Is “breast milk jaundice” the correct diagnosis?

October 27, 2015

Clinicians should refrain from making a diagnosis of “breast milk jaundice” because it is often inappropriate, results in unnecessary discontinuation of breastfeeding, and by delaying accurate identification of the etiology for the symptom, may expose the child to undue risk of severe neonatal hyperbilirubinemia.

Clinicians should refrain from making a diagnosis of “breast milk jaundice” because it is often inappropriate, results in unnecessary discontinuation of breastfeeding, and by delaying accurate identification of the etiology for the symptom, may expose the child to undue risk of severe neonatal hyperbilirubinemia.

“Breast milk jaundice is not a diagnosis,” said Vinod K Bhutani, MD. “Whenever a baby has jaundice beyond 2 weeks of age, the clinician needs to look harder for the true etiological cause.”

Dr Bhutani is Professor of Pediatrics, Stanford University, Stanford, California. He spoke in a session entitled “Jaundice: sometimes more than yellow!” on Sunday, October, 25.

Recommended: Evidence-based support for breastfeeding

Dr. Bhutani encouraged using the diagnosis of “prolonged unconjugated jaundice” rather than “breast milk jaundice”, and he noted that genetic conditions affecting bilirubin elimination are the leading underlying cause. Among those disorders, the 2 most common are Gilbert syndrome and glucose-6-phosphate dehydrogenase deficiency (G6PD) syndromes.

Gilbert syndrome, which is due to a mutation in the promoter of a gene encoding bilirubin conjugating enzyme UDP-glucuronosyltransferase, is associated with delayed hepato-biliary excretory maturation. It contributes to prolonged unconjugated jaundice in breastfed infants, but the vast majority of infants with Gilbert syndrome have a benign unconjugated hyperbilirubinemia. Gilbert syndrome may precipitate more severe jaundice when the mutation is co-inherited with other disorders of heme metabolism.

Clues to the diagnosis of Gilbert syndrome come from family history and also maternal race. Although Gilbert syndrome is the most common syndrome known in humans, with a prevalence of about 6% in the US population, it occurs predominantly in Caucasians or when co-inherited with G6PD deficiency and other congenital hemolytic syndromes.

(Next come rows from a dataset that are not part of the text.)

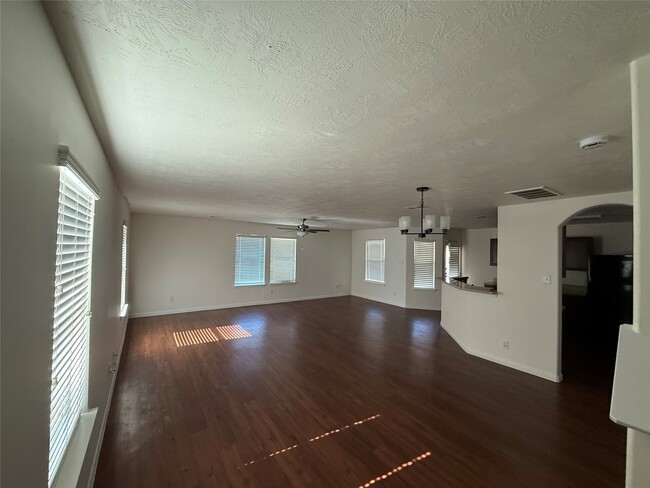 Building Photo - 22267 Doubletree Park Dr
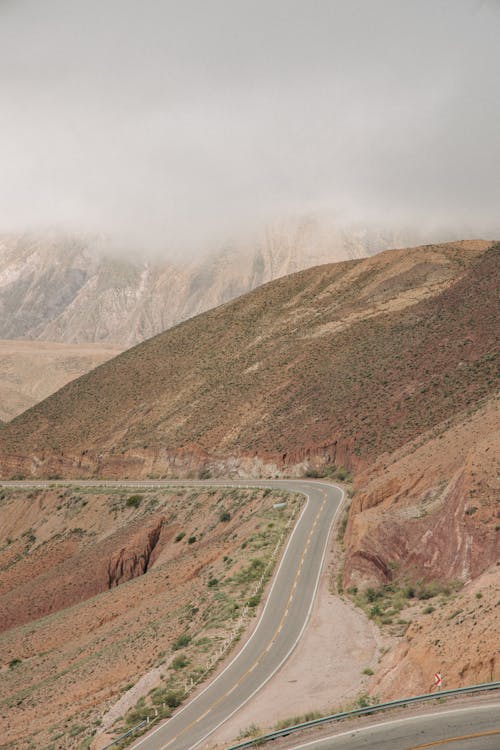 asfalt yol, dağlar, dikey atış içeren Ücretsiz stok fotoğraf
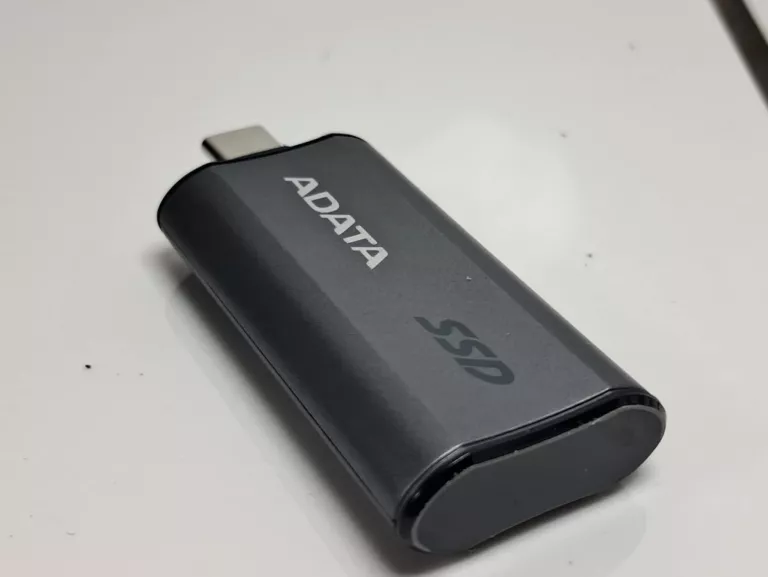 DYSK ZEWNĘTRZNY SSD 1TB ADATA SC750 / STAN IDEALNY !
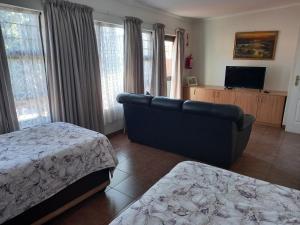white rose guest house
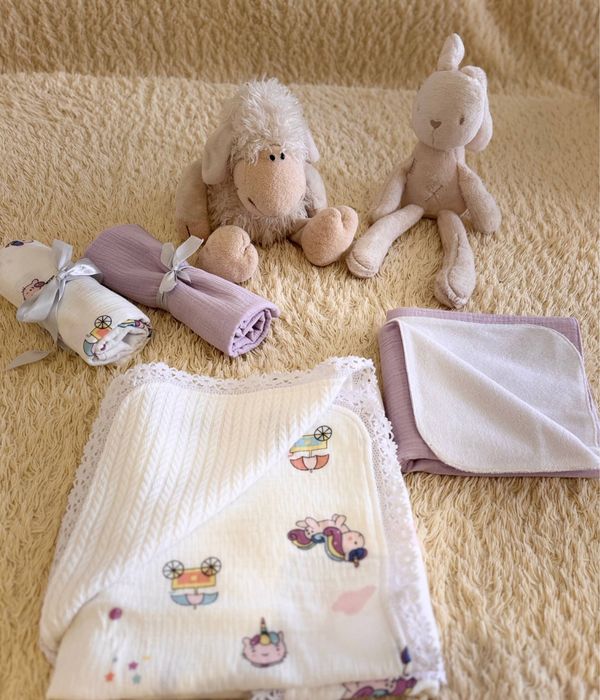 Комплекты для новорожденных.Ручной работы.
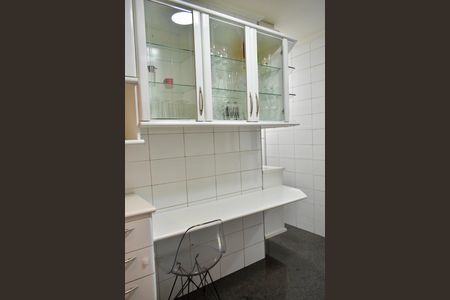 Apartamento à venda com 100m², 3 quartos e 2 vagas Apartamento à venda com 100m², 3 quartos e 2 vagasCozinha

Potentially more worrisome are G6PD deficiency syndromes, which when triggered by an oxidant (drugs, chemicals, herbs, dietary substances, or infection) can result in excessive bilirubin load from increased production and delayed elimination. These manifestations may develop slowly (over several days) or be fulminant (in a matter of hours) and can potentially result in acute bilirubin encephalopathy.

Suspicion for G6PD deficiency is based on clinical history along with maternal race/ethnicity, with the prevalence being highest in African-Americans. Contrary to prevailing belief, it should be considered in both boys and girls.

Diagnosis in the high-risk population, including children with increased bilirubin levels for age in hours is confirmed by quantitative enzyme assay.

“Timely intervention with effective phototherapy is of proven benefit to reduce the bilirubin load. Thus, there is essentially no evidence to discontinue breastfeeding,” Dr Bhutani said.